# Oase Filtral UVC 2500 - Erfahrungen ?



## sanny26 (27. Juli 2011)

Halli Hallo liebe Teichfreunde 

hat jemand Erfahrungen mit dem Filter "Oase Filtral UVC 2500" ?

Ich habe einen ca. 500 Liter Miniteich auf der Terasse stehen. Da hier viel Sonne und wenig Schatten herscht, bin ich auf der Suche nach einem Innenfilter...
Bis jetzt sind Schwimmpflanzen, Unterwasserpflanzen und Sumpfpflanzen im Teich, fragt mich bitte nicht wie die alle heißen :-(
Fische sind dort nicht drin, aber mittlerweile viele Mückenlarven und Algen... Deshalb bin ich auf der Suche nach einem Filter...
Oder könnt ihr mir andere Filter empfehlen?

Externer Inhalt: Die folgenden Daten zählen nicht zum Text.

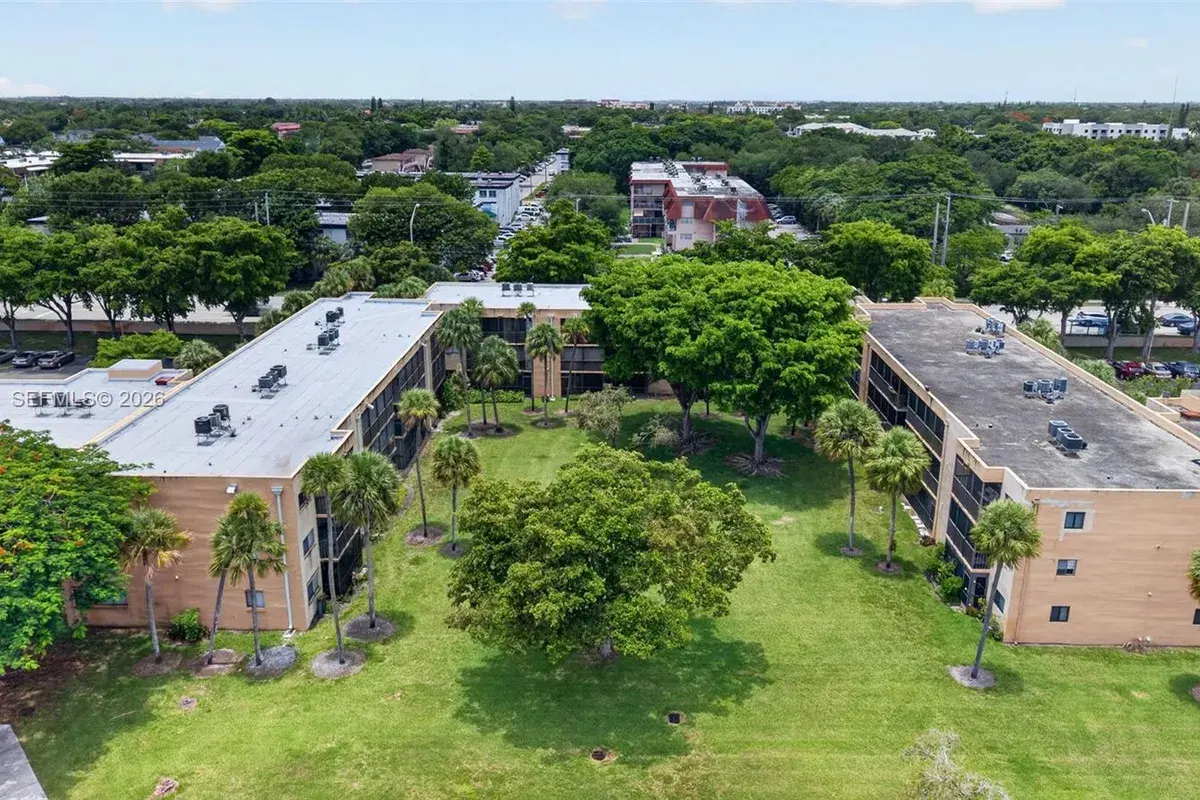 8415 SW 107th Ave # 240W, Miami FL 33173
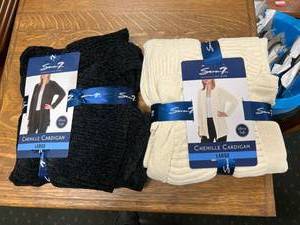 lot 100 image: 2 New Chenille Cardigan - Large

Und noch eine wichtige Frage: Muss ein Filter Tag und Nacht laufen bei dieser Miniteich-Größe?


Vielen Dank!!!

LG
Sanny


----------



## scholzi (27. Juli 2011)

*AW: Oase Filtral UVC 2500 - Erfahrungen ?*

Hi Sanny
Dein Algenproblem wirst du mit einem Filter nicht loswerden!
Ohne Fischbesatz kannst du dir den Filter sparen, du solltest lieber die Quelle der Nährstoffe finden!
guck mal hier https://www.hobby-gartenteich.de/xf/threads/16760
Verwendest du evtl. Brunnenwasser?


----------



## sanny26 (27. Juli 2011)

*AW: Oase Filtral UVC 2500 - Erfahrungen ?*

Der Teich beinhaltet Leitungswasser...

Die Algen sehe ich auch gar nicht als Problem (toller Beitrag übrigens in dem Link ).

Ich möchte nur generell wissen, ob dieser Filter sinnvoll ist (und vor allen Dingen, ob ein Filter bei der Teichgrösse 24h laufen sollte).

Viele Grüsse
Sanny


----------



## Sveni (27. Juli 2011)

*AW: Oase Filtral UVC 2500 - Erfahrungen ?*

Hallo Sanny,

zu diesem Filter kann ich leider nichts sagen, da ich ihn nicht kenne.
Ich gehe aber davon aus, das er für 500l alle mal reicht.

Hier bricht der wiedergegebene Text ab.